(Web page caption snippets)
--------

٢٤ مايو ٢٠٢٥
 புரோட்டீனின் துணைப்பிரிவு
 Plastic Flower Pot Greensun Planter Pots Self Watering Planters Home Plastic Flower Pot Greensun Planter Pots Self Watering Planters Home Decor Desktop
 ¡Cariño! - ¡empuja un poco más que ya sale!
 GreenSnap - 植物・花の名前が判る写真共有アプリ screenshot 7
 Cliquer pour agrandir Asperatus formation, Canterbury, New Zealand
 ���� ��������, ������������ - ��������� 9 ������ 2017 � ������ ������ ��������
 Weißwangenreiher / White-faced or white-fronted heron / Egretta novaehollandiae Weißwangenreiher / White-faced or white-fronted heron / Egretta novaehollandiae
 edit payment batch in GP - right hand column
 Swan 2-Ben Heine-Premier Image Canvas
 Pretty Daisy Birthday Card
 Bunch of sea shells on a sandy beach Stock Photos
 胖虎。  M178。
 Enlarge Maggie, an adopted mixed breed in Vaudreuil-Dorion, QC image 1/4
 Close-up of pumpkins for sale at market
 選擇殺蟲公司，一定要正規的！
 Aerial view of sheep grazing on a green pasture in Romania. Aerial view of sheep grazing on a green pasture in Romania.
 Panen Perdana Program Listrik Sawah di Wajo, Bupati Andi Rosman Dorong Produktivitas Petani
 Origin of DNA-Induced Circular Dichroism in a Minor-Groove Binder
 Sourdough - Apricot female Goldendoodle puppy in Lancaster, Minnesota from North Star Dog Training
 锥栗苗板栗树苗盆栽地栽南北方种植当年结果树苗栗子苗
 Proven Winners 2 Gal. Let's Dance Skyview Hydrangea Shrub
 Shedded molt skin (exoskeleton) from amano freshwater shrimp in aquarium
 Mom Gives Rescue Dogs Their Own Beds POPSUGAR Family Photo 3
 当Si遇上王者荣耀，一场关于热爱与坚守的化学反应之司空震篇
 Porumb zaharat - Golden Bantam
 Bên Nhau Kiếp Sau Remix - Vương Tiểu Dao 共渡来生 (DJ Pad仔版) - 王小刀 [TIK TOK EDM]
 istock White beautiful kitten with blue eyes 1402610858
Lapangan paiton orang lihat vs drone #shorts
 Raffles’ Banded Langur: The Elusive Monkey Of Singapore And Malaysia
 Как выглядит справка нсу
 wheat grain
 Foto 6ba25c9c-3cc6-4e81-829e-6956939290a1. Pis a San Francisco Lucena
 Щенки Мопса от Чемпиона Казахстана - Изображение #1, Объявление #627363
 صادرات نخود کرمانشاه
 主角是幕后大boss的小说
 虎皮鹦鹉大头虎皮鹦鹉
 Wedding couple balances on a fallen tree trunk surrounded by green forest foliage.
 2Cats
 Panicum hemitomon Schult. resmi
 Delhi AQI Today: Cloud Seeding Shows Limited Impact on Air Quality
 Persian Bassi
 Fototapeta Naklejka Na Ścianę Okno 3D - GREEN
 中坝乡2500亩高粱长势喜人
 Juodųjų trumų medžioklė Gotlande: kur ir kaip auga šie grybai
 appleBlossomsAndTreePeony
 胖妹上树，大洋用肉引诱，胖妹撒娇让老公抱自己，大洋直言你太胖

--------

Locate the word "White" in the records above, and return each line that has it.

 Weißwangenreiher / White-faced or white-fronted heron / Egretta novaehollandiae Weißwangenreiher / White-faced or white-fronted heron / Egretta novaehollandiae
 istock White beautiful kitten with blue eyes 1402610858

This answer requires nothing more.